What we have now is a variable named range that will always refer to our Tax column!
We now need to find the 3 largest and the 3 smallest tax figures in the named range TaxCol so let's type the word Largest in the Search for a Function box in the Insert Function dialog and then Smallest. This is an easy one as there are two functions that will do exactly what we need, they are the LARGE and SMALL functions.
=LARGE(TaxCol,1)
Where TaxCol is the range to look in.
1 is telling it we want the largest value.
What we intend to do now is to use the INDEX function to create a reference to the name of the largest tax payer.
The syntax for INDEX is =index(array,row_num,column_num)
=INDEX(AllData,MATCH(LARGE(TaxCol,1),TaxCol,0),MATCH("Tax",TpRwAllData,0)-1)

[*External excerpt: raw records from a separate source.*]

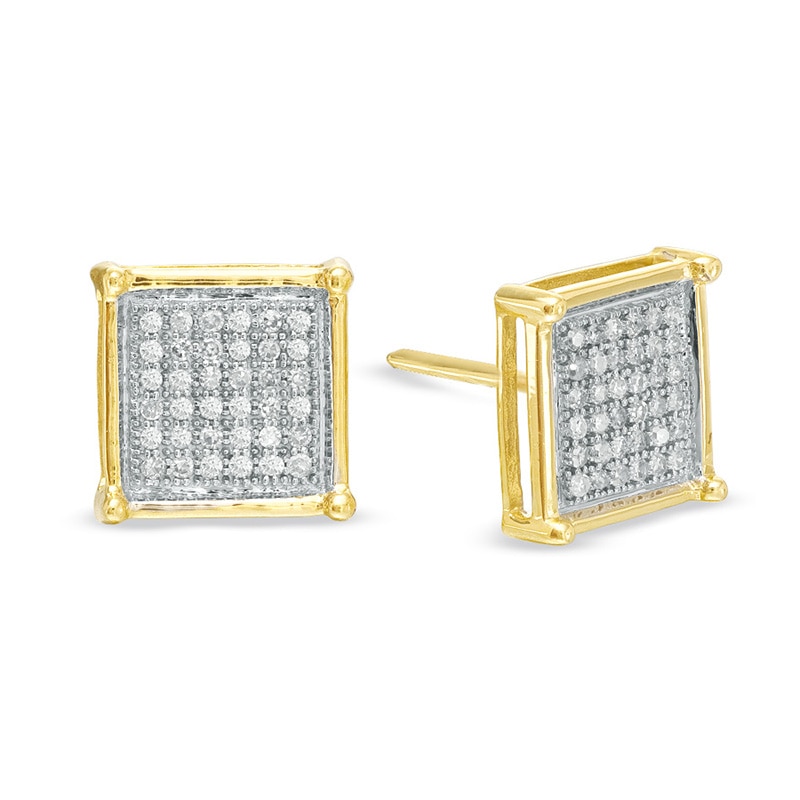 1 Carat Pave Diamond Stud Earrings 10K Yellow Gold Cube Shape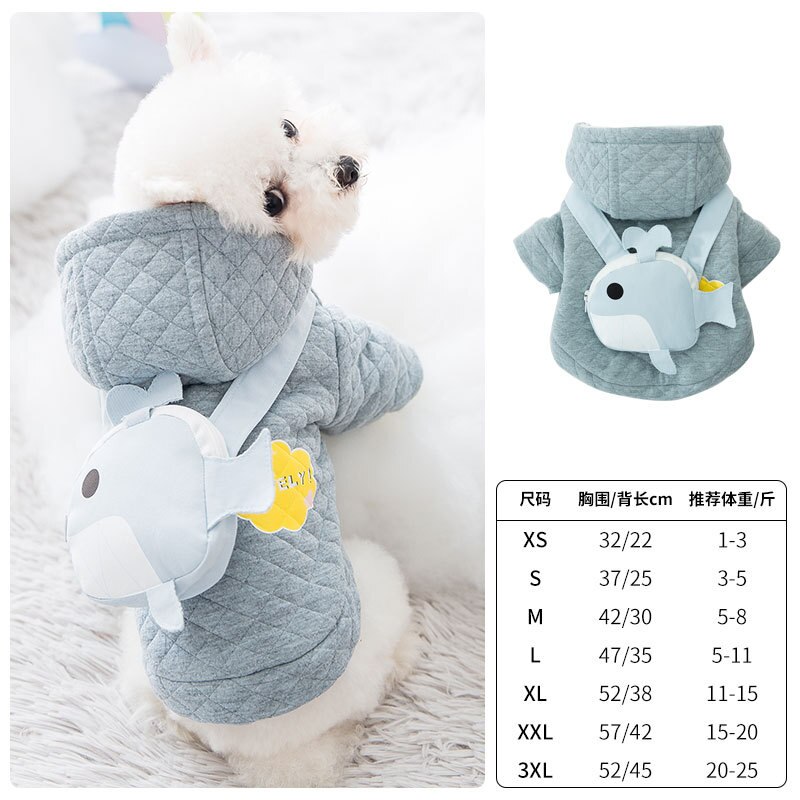 Kat Kleding Winter Leuke Cartoon Walvis Warme Winter Katoen Gewatteerde Jas Teddy Kleine Hond Kat Huisdier Kleding: size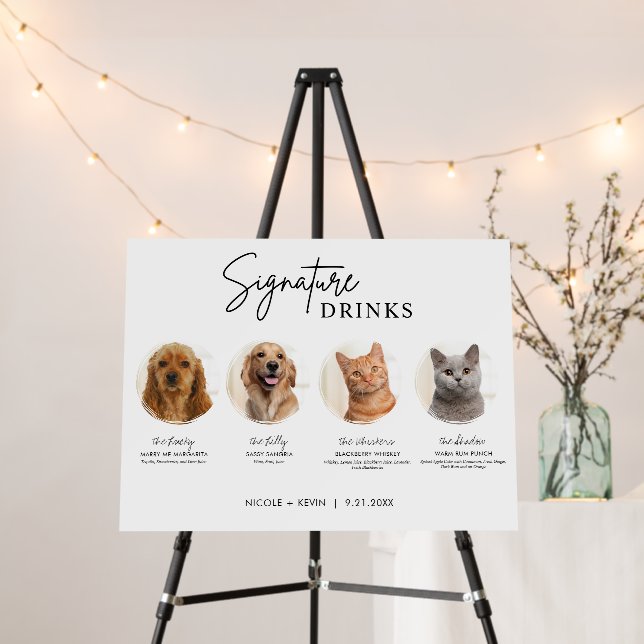 4 Pets Signature Drinks Sign Wedding Bar Sign (In Situ (Stand))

As you can see we have colour coded the formula to help you see what each nested function is being used for. The -1 is returning the column number of the column immediately before the Tax column. We can now easily find the 3 largest tax payers within our table all we need to do is substitute LARGE(TaxCol,1) with LARGE(TaxCol,2) and LARGE(TaxCol,3).
For the 3 smallest tax payers we substitute the LARGE function with the SMALL function, eg; =INDEX(AllData,MATCH(SMALL(TaxCol,1),TaxCol,0),MATCH("Tax",TpRwAllData,0)-1)
We realise that this can seem a bit daunting at first, but take your time and work through it, as the solution to this one difficult problem can be applied in many situations.